When new drugs are introduced, microbes continue to adapt, and resistance can emerge quickly. This reality has pushed scientists to rethink not only how antibiotics kill microbes, but how to stop bacteria from disarming them in the first place.
Two recent studies from the Indian Institute of Technology Bombay (IIT-B), from the Department of Chemistry, have presented a different strategy. Instead of developing yet another antibiotic, the team focused on protecting the ones that already exist. Their work, published across two complementary papers, uses short DNA sequences that can bind to and block the enzymes that bacteria use to resist antibiotics. By stopping these enzymes from working, the researchers were able to make resistant bacteria respond once again to common antibiotics.

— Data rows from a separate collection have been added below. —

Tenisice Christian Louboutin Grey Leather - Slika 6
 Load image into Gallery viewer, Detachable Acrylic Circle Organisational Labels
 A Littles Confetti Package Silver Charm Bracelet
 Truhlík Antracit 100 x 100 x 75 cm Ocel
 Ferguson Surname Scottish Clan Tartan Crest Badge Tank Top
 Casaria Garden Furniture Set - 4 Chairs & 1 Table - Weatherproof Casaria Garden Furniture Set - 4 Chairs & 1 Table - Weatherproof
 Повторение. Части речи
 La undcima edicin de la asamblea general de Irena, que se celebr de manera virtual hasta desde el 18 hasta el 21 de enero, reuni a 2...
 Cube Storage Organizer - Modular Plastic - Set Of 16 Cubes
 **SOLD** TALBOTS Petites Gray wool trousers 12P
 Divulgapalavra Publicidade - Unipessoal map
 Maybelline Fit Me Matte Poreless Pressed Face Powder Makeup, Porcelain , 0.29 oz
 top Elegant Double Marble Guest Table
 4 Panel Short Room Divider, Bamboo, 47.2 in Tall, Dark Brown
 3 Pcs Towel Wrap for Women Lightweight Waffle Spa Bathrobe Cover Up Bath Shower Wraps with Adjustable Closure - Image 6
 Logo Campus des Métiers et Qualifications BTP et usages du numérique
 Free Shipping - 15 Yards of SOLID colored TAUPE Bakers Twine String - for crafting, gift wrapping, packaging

The researchers have focused on specially identified short strands of DNA known as aptamers. Unlike the conventional drugs, aptamers are made up of nucleic acids, synthetically produced, relatively stable, and easier to modify. Thus, they make attractive candidates for therapeutic applications. To generate DNA aptamers that bind to a specific Erm enzyme known as Erm42, the researchers used a laboratory method called SELEX. This process allows researchers to sift through millions of random DNA sequences and isolate the ones that bind most strongly to a specific target. After multiple rounds of selection and testing with techniques like gel-monitoring assays and surface plasmon resonance, the team identified two aptamers that attached tightly to the enzyme Erm42.
While the DNA aptamers worked well in laboratory assays, another challenge remained. It is known that DNA molecules, when administered alone, are vulnerable to nuclease degradation and often struggle to cross bacterial membranes. This makes it difficult for them to enter inside the bacteria.
To address this, in the second study, the researchers explored a liposome-based delivery system. The researchers conducted studies that confirmed that the aptamer-loaded liposomes were stable and appropriately sized for biological applications.
In the future, if developed for therapeutic use, the aptamer could be given alongside existing antibiotics. By blocking the resistance mechanism, the engineered aptamer could help restore the antibiotic’s effectiveness.